Lee Harris: With so many other literary awards around, what makes the Hugos so relevant?
Cheryl Morgan: I think the best thing about the Hugo is longevity. They were first awarded back in the 1950s and have been going strong ever since. It's an award that people grow up hearing about. When you're a kid and you're buying science fiction paperbacks from the cheap store, you see one with "Hugo Winner" on it, and you get to think that's something good. Twenty years later as an adult, the Hugo is something you recognise.

Harris: Is it a sign of quality, do you think?
Morgan: I spend a lot of time looking at awards of various types, particularly science fiction awards and quality is not necessarily something you get from an awards, and it's not even something I would be happy defining, in that what works as quality for one group of people may not work as quality for another group.
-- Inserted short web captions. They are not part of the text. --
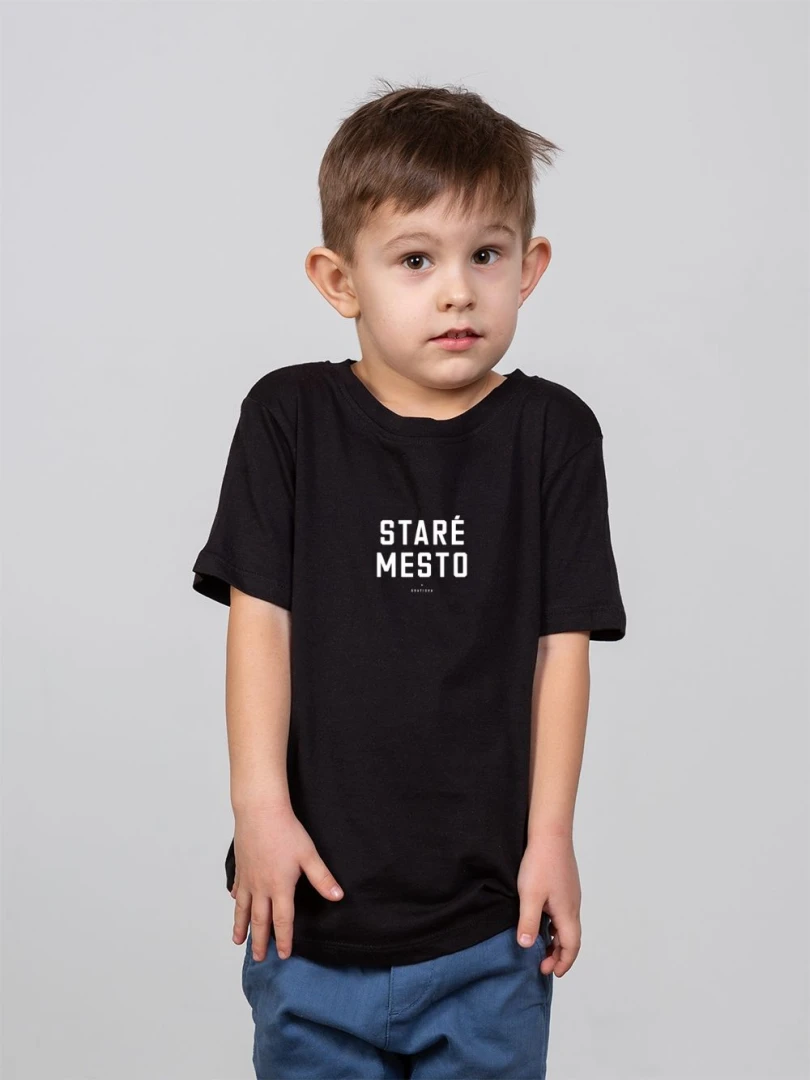 Staré Mesto Kids
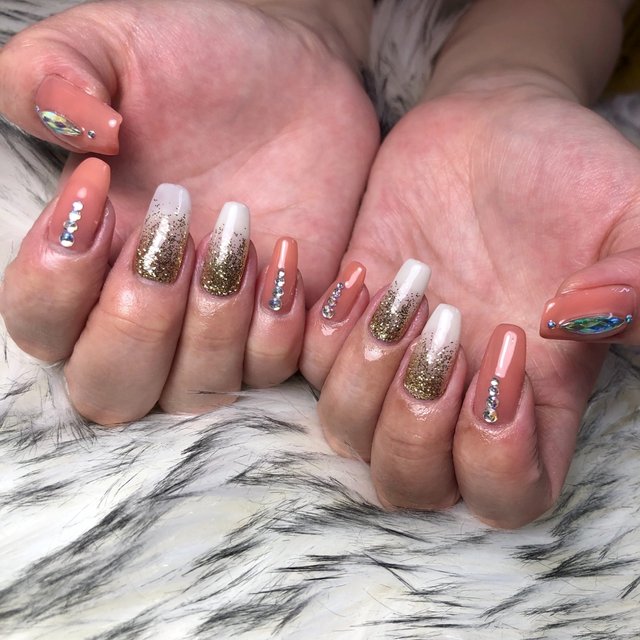 Lana Nail ラナ ネイル 佐世保のネイルサロン ネイルブック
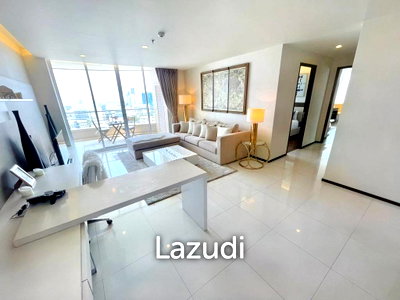 Condos for sale : 2 Bed 2 Bath 116.44 SQ.M. Sathorn Prime Residence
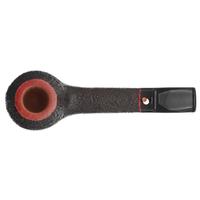 Claudio Cavicchi Black Sandblasted Bent Brandy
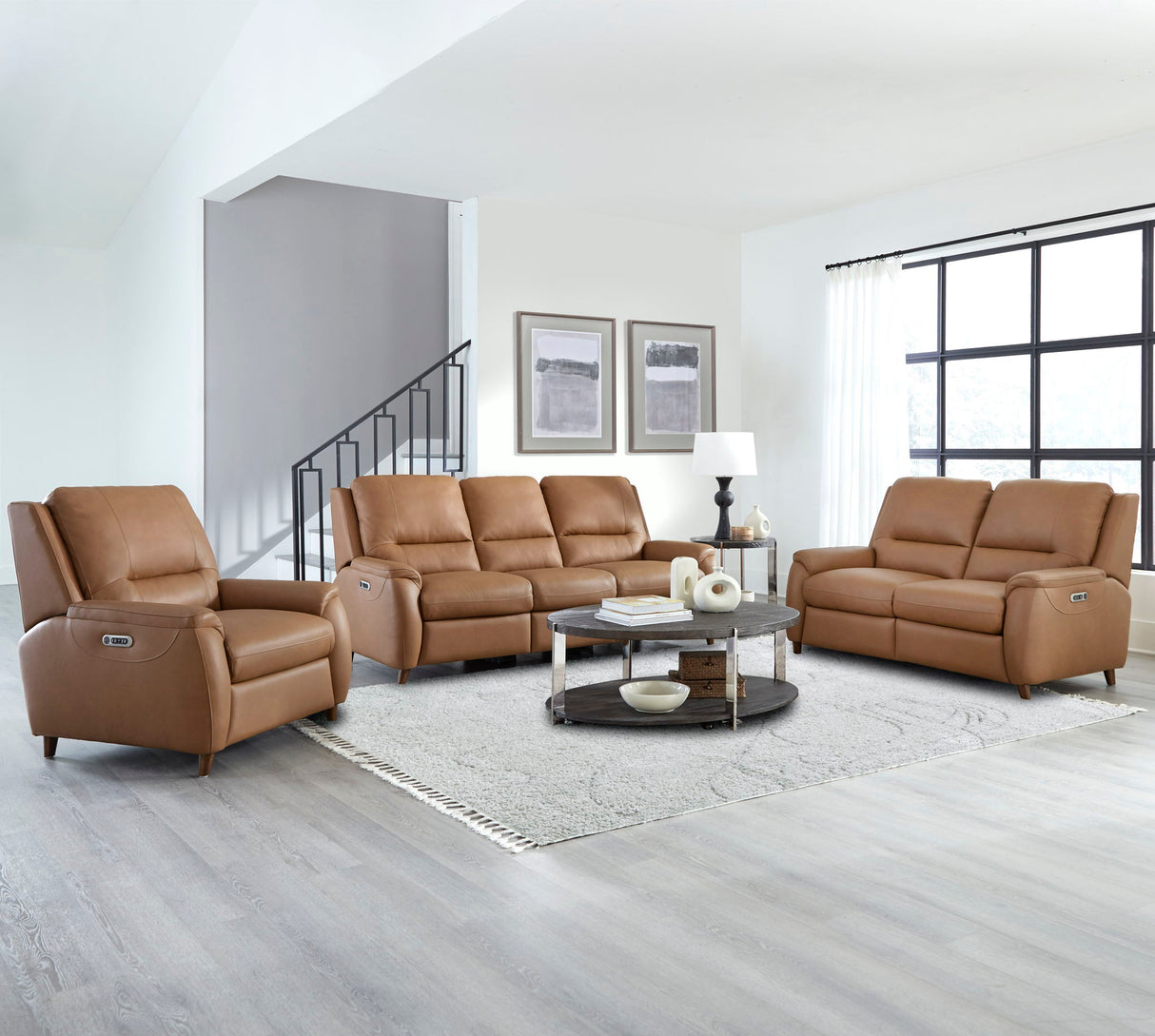 Austin - Power Recliner alternate view 5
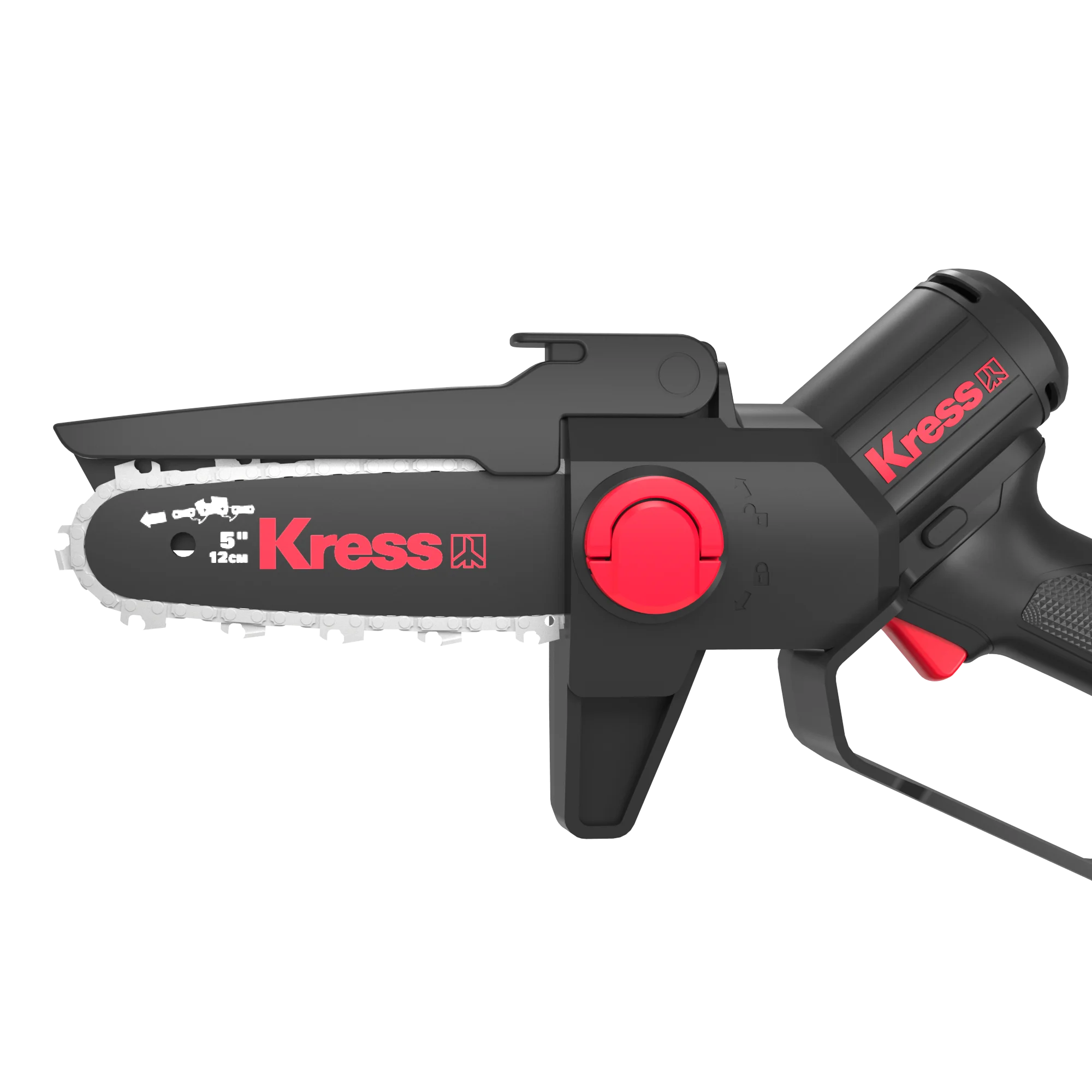 Kress 20V Pruning Saw KG343 Kress 20V Pruning Saw KG343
Harris: So why should somebody outside of fandom take notice of any particular award?
Morgan: Well, that depends on what you mean by "somebody outside of fandom". If you're talking about somebody who reads science fiction outside of fandom, then the Hugo is evidence that large numbers of science fiction fans have read and enjoyed these works. If you're talking about people that don't read science fiction at all, well it's an interesting way to sample. Then again, that depends on what you're interested in, and if you've more of a serious literary bent then perhaps you'd be better off looking at the Clarke or the World Fantasy Award, which are juried awards, rather than fan-voted.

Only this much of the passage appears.